Protests have erupted around the couple’s city center apartment. “On Sunday evening, after the election results were released, we saw a lot of people walking in crowds in the street. Just running, that’s it, and cars hung, ‘she said.
‘Then we saw the cars of the special forces, cars I had never seen in my life, with enormous shields for them to disperse people, and then came black cars without number plates. We saw the doors open, and special forces began to come out of them, chasing the Protestants down the street. One man was chased and beaten, and then they took him in a car and left. ‘
In the reflection of her windows, Anastasia saw explosions, “like fireworks,” and heard shots. Like others who spoke with the Guardian, Anastasia said armed teams in ambulances had arrived to approach nearby protesters without suspicion arising before jumping out and arresting them.
“They just hold people tight, they don’t need a specific reason,” she said. ‘If they want to do it, they’ll put you in jail. There is no law anymore, the law does not work. ”
Hours on Thursday, Viktar *, who had been an independent observer in the election, stood with hundreds of others in a chain chanting over the capital. He said activists linked weapons in silent protest.
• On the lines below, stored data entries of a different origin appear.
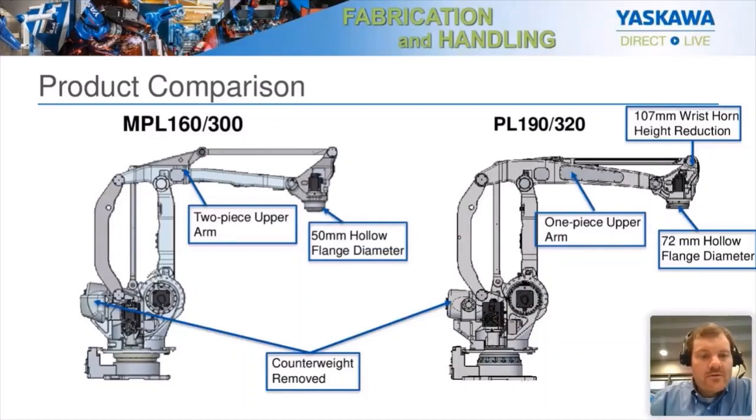Other improvements: not only the one-piece upper arm, we also increased the hollow tool flange diameter to 72 millimeters. This gives more room to pass hoses through and also vacuum lines — we have a lot of customers using big vacuum grippers that need a lot of CFM of vacuum. Their concern was that with a big vacuum line, there wasn't enough room for everything else, so we increased the flange diameter to 72 millimeters. Also, the counterweight has been removed, largely due to the more powerful Sigma-7 servos we're now using instead of the older Sigma-5s. The geometry change also allowed us to remove that counterweight, which had a large reduction in mass and made the overall footprint a bit smaller.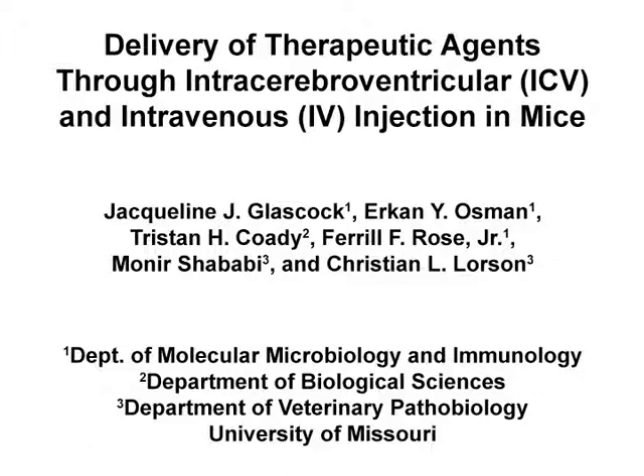In this video, intracerebroventricular and intravenous injection methods will be demonstrated in neonatal mice.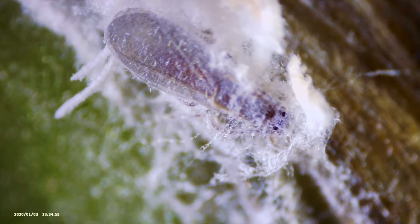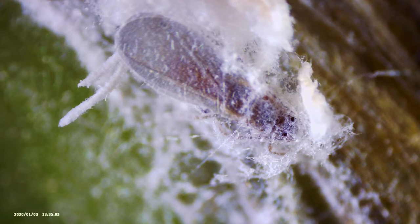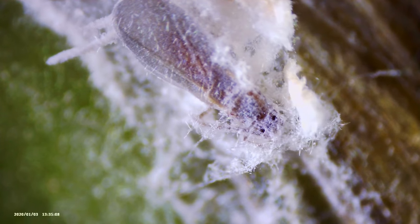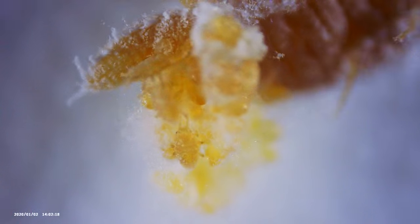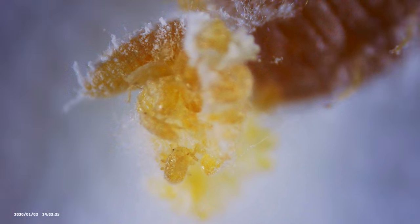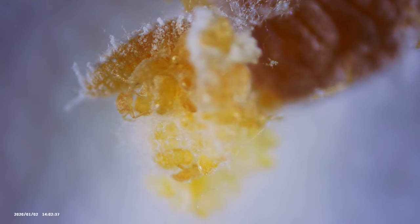I also noticed that mealybugs get wings — I should have assumed that's how they spread so quickly. I can see one that's almost waking up out of its nest with wings on it, and that terrifies me because it means these things can fly and spread fast. These are always a pain to get rid of on succulents and anything with tight cracks. Mealybugs are one of the more interesting pests though, because of their weird body shape, the little fur they create, and the little nests — really interesting, but I hate them because they cause damage and are so good at hiding.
Viktar said he had seen the election fraud for himself: at some polling stations he and his team of observers had counted and photographed the number of voters, but when they checked their numbers against data from the official election commission, it turned out to have added hundreds of votes.
He said votes were cast by the police and that votes changed in those for Lukashenko. “There is nowhere to go for help for the people of Belarus,” he said. “People are just intimidated because at the moment, almost every household has oppressed someone in one way or another: beaten, abducted, or seen these atrocities where they live.”
‘I was at one protest on Wednesday, where the policeman fired rubber bullets at people and threw grenades. There was a lot of blood, ‘he said. “Almost everyone in this area was beaten or escaped.”
At the IT company where he works, three people have been arrested in his department of 12, and two are still in jail.
“It’s awful,” Viktar said. “It’s like a war.”